Moiyadi Aliasgar V, Shetty Prakash
Neurosurgical Services, Department of Surgical Oncology, Tata Memorial Centre, Mumbai, India.
J Neurosurg Pediatr. 2012 Nov;10(5):411-7. doi: 10.3171/2012.8.PEDS12133. Epub 2012 Sep 7.
Repeat surgery for pediatric brain tumors is gaining acceptance, with extent of resection an important predictor of outcome. However, repeat surgeries may be associated with increased morbidity. Few studies in the literature provide such outcomes objectively. The authors report on their experience with repeat surgery at a tertiary care neurooncology referral center in India.
A prospectively maintained database documented epidemiological, clinical, radiological, operative, and perioperative events. The authors analyzed 117 children (younger than 18 years of age) who had undergone various resective surgeries for brain tumors over a period of 5 years. Assessed end points included immediate postoperative neurological status, neurological outcome at discharge, regional complications, systemic complications, overall morbidity, and mortality.
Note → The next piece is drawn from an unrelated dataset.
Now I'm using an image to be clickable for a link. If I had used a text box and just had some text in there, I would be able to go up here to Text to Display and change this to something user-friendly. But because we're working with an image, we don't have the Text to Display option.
The majority of children (48%) were between 3 and 10 years of age. Elevated intracranial pressure (70% of patients) and neurological deficits (60% of patients) were the commonest presenting symptoms. A significant proportion of patients (35%) had a poor Karnofsky Performance Scale score (≤ 70). Supratentorial procedures were performed in 58% of the patients. Most patients (72%) had large (> 4 cm) tumors. Fifty-eight patients (50%) had received prior treatment, surgery in 55. Neurological morbidity (worsening), regional complications, and systemic complications occurred in 27%, 32%, and 25% of patients overall, respectively. Overall morbidity was 44.4% (26.5% major), and perioperative mortality was 7.7%. Neurological worsening occurred more frequently in patients undergoing a first surgery (p = 0.038), whereas wound-related complications were more common in those undergoing reoperations (p = 0.00).
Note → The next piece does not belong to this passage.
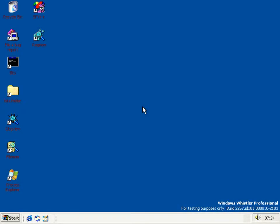Hello and welcome to part 2 of what's new in Windows Whistler 2257. If you haven't seen part 1, there's a link to it somewhere up above, to the left, to the right, or underneath the video, or maybe even over here. Anyway, on with the show.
Pediatric patients had larger tumors and were more likely to present with a poor performance status, often after prior treatment, than their adult counterparts. Wound-related complications were higher in the previously treated subgroup; however, neurological complications were fewer, probably because of a favorable selection of patients. Despite the unavailability of advanced intraoperative aids, acceptable levels of overall morbidity and mortality could be achieved in repeat surgeries for pediatric brain tumors.
小儿脑肿瘤再次手术越来越被认可,切除范围是预后的重要预测指标。然而,再次手术可能会增加发病率。文献中很少有研究客观地提供此类结果。作者报告了他们在印度一家三级医疗神经肿瘤转诊中心进行再次手术的经验。
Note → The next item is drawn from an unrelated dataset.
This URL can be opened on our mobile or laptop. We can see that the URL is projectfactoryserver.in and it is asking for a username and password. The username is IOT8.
一个前瞻性维护的数据库记录了流行病学、临床、放射学、手术及围手术期事件。作者分析了117名18岁以下儿童,他们在5年期间接受了各种脑肿瘤切除手术。评估的终点包括术后即刻神经状态、出院时神经结局、局部并发症、全身并发症、总体发病率和死亡率。
大多数儿童(48%)年龄在3至10岁之间。颅内压升高(70%的患者)和神经功能缺损(60%的患者)是最常见的症状。相当一部分患者(35%)卡氏功能状态评分较差(≤70)。58%的患者进行了幕上手术。大多数患者(72%)有大肿瘤(>4cm)。58名患者(50%)曾接受过先前治疗,其中55名接受过手术。总体上,分别有27%、32%和25%的患者发生神经功能恶化、局部并发症和全身并发症。总体发病率为44.4%(严重发病率为26.5%),围手术期死亡率为7.7%。首次手术患者神经功能恶化更常见(p = 0.038),而伤口相关并发症在再次手术患者中更常见(p = 0.00)。
与成年患者相比,小儿患者肿瘤更大,且往往在先前治疗后表现出较差的功能状态。先前接受治疗的亚组伤口相关并发症较高;然而,神经并发症较少,可能是因为患者选择得当。尽管缺乏先进的术中辅助设备,但小儿脑肿瘤再次手术仍可实现可接受的总体发病率和死亡率。